Blockworks Research: How will the Cross-Chain Transfer Protocol (CCTP) change the bridging landscape?

Blockworks Research: The impact of the Cross-Chain Transfer Protocol (CCTP) on bridging.

On April 26, 2023, Circle launched the Cross-Chain Transfer Protocol (CCTP), which is a permissionless on-chain tool that facilitates the transfer of native USDC between different blockchains. Blockworks Research analyst purplepill wrote an article analyzing the impact of CCTP on the bridging landscape and bridged tokens. Here is a summary of the article’s key points.

Traditional bridging relies on locking and minting models, which have significant drawbacks, including liquidity dispersion caused by multiple versions of USDC and security risks stemming from the trust assumptions of bridges relying on minted wrapped USDC. Bridges that use intermediary tokens to facilitate bridging between tokens and native assets have emerged, but such models are still subject to early liquidity constraints.

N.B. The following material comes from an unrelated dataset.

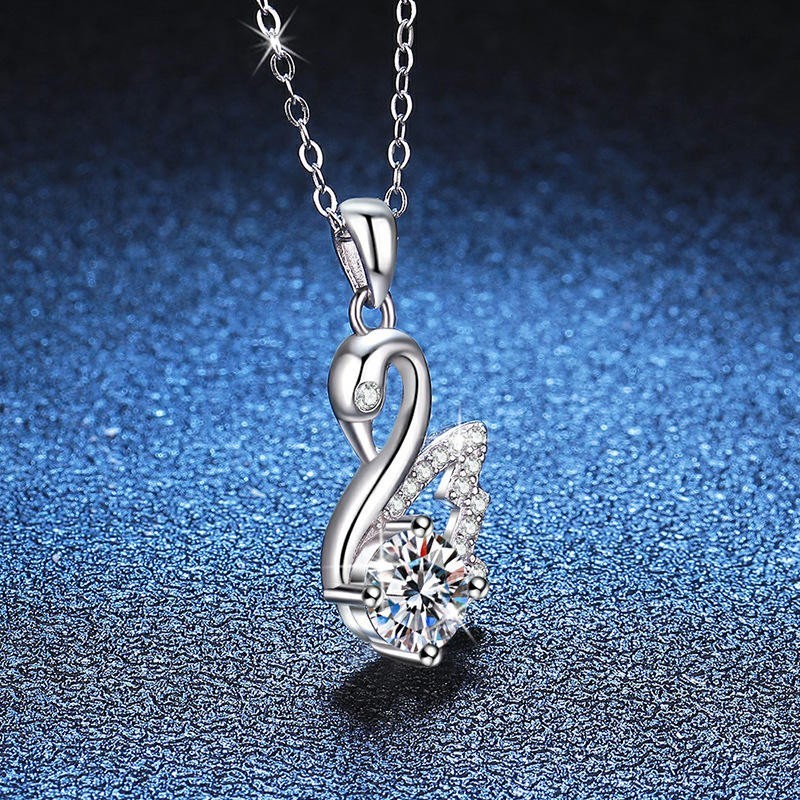 925 Sterling Silver Moissanite Swan Pendant Necklace Crystal Bird Charm Jewelry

For CCTP, the trust assumption shifts from the bridge’s security model to Circle’s redemption guarantee, and ensures that native USDC is backed by off-chain reserves. There are three main steps: USDC is destroyed by dApps on the source chain; Circle provides proof of the destruction; and signed proof allows dApps to mint USDC on the target chain.

By sampling the Stargate, Synapse, Celer, Multichain, and Bungee bridges, the optimal bridging execution between CCTP and non-CCTP bridges with different amounts of USDC can be summarized: for small-scale transactions, non-CCTP transactions are cheaper, and users can receive more USDC. The larger the transaction size, the better CCTP performs, and the more USDC users receive.

Overall, cross-chain bridge users have a range of preferences, mainly balancing between time and execution. The primary factor competing for USDC trading volume is cost, and CCTP will stifle income from USDC bridging transactions. Currently, non-USDC bridging transactions or cross-chain swaps are not affected by CCTP. However, in the future, if bridging liquidity is more restricted by DEX liquidity or new DEX models have less impact on prices, the situation may be different.